Słowo#82 Odpowiedź czy rozwiązanie?

[15 czerwca 2023, Dzień Wiatru]

Pewien zakonnik udał się do mędrca- pustelnika po radę. Miał ostatnio tak wiele wątpliwości i pytań, że bał się, że jego wiara chwieje się w posadach i legnie w gruzach, a on sam porzuci swoje zakonne życie. Dręczyły go pokusy, z którymi nie mógł sobie poradzić. Mędrzec go wysłuchał i zaprosił na spacer po lesie. Powiedział, że odpowiedź znajdzie obserwując las.

Zakonnik zaintrygowany wstał i poszedł razem z pustelnikiem ścieżką w głąb lasu. Rozglądał się dookoła. Obaj milczeli. Zakonnik zirytowany ciszą i tym, że nie widzi niczego nadzwyczajnego w lesie, po godzinie wędrówki zaczął się dopytywać, czy pustelnik udzieli mu jakichś wyjaśnień.

Mędrzec zatrzymał się wskazał na jedno z wysokich drzew kołyszących się na wietrze.

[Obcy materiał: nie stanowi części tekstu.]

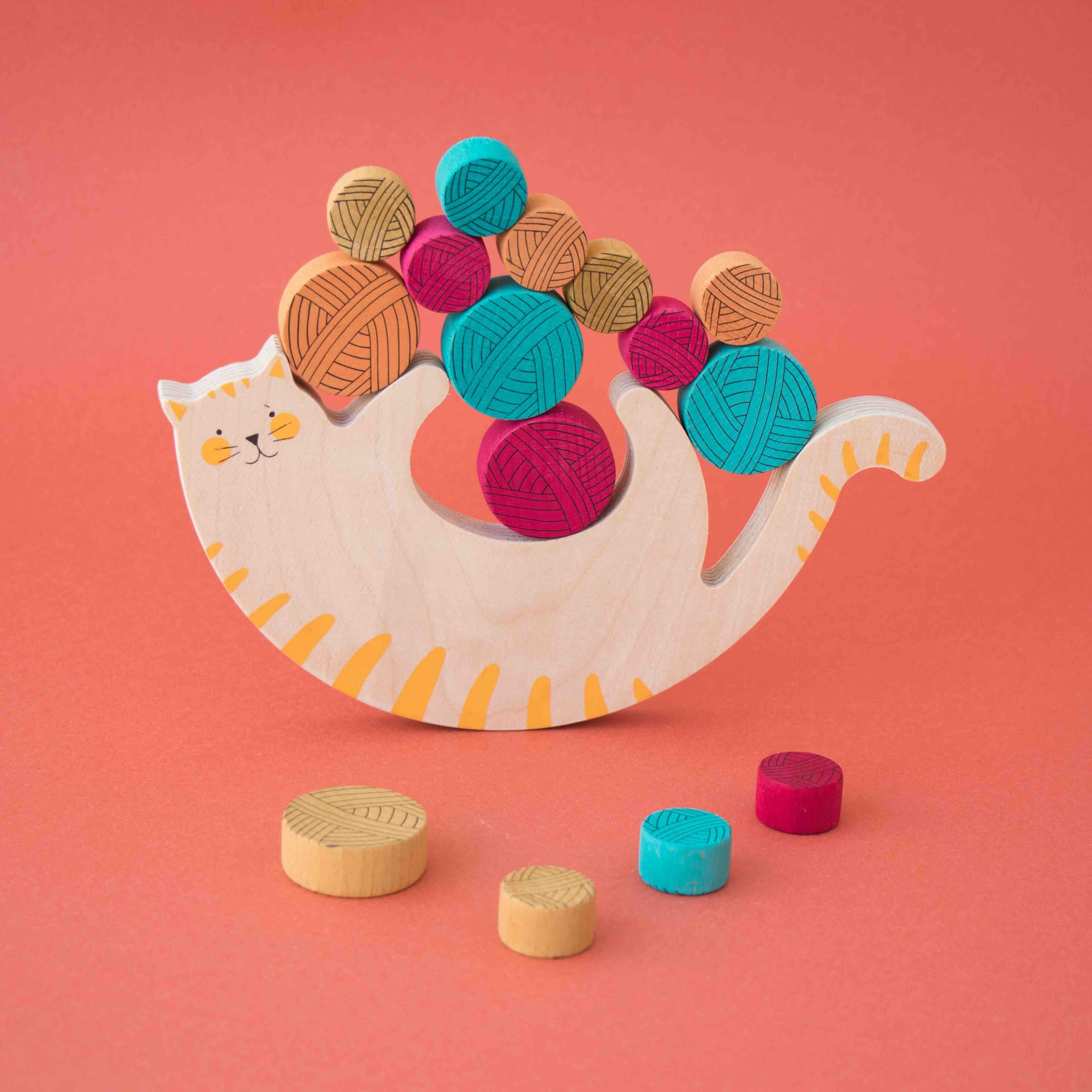 Londji meow wooden toy cat with colorful wooden blocks on a pink background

– Co widzisz?- zapytał zakonnika.
– Wysokie drzewo, które kołysze się pod wpływem wiatru.
– I to właśnie jest twoja odpowiedź, której szukałeś.
– Nie rozumiem- odparł zakonnik.

– Ty i twoja wiara jesteście jak to drzewo. Rośniesz, pniesz się w górę. Im wyżej rośniesz, tym zdawałoby się większe podmuchy wiatru tobą kołyszą. Spójrz jednak niżej. Na korzenie, na dolne partie drzewa. Ono nie łamie się, nie upada, dlatego, że jest wrośnięte głęboko w ziemię, mocno zakorzenione i osadzone w glebie. Taka jest wiara w twoim sercu. To co robisz w tej chwili to patrzysz zanadto na koronę, która się chwieje, a umykają ci korzenie i dolne partie pnia. Skup się bardziej na podstawie, niż obserwowaniu tego, co w twoim życiu zdaje się chwiać i wytrącać cię z równowagi duchowej.

– Ojcze! To wszystko jest takie mądre i pięknie brzmi. Ale jak mam to zrobić?
– Tego nie wiem. Przyszedłeś po odpowiedź. Dostałeś ją. Jednak odpowiednie dla siebie rozwiązanie musisz znaleźć sam.

Zakonnik wrócił do swojego miejsca zamieszkania skonsternowany i pełen obaw, że nie poradzi sobie z chwiejącą się wiarą, pokusami i wątpliwościami, które nim targają. Wciąż zastanawiał się nad, jak mu się wydawało bezczelną odpowiedzią mędrca.

Jednak słowa o tym, że dostał odpowiedź, a rozwiązanie ma znaleźć sam, tak bardzo go uwierały, że codziennie zastanawiał się, co starzec miał na myśli. Analizował, szukał w swoim umyśle, prosił Boga o odpowiedź i długi czas spędzał na modlitwie.

Minęło kilka dni, tydzień, dwa, miesiąc. Pewnego dnia zakonnik zorientował się, że od spotkania z pustelnikiem nie dręczą go pokusy, wątpliwości zdały się go opuścić. Tak bardzo zaabsorbowała go odpowiedź i szukanie rozwiązania, że jego problem zdawał się zniknąć. Godziny modlitw, rozważań, a nawet w duchu śmiania się i złości na starego pustelnika sprawiły, że kłopoty, z którymi tyle się borykał ustały.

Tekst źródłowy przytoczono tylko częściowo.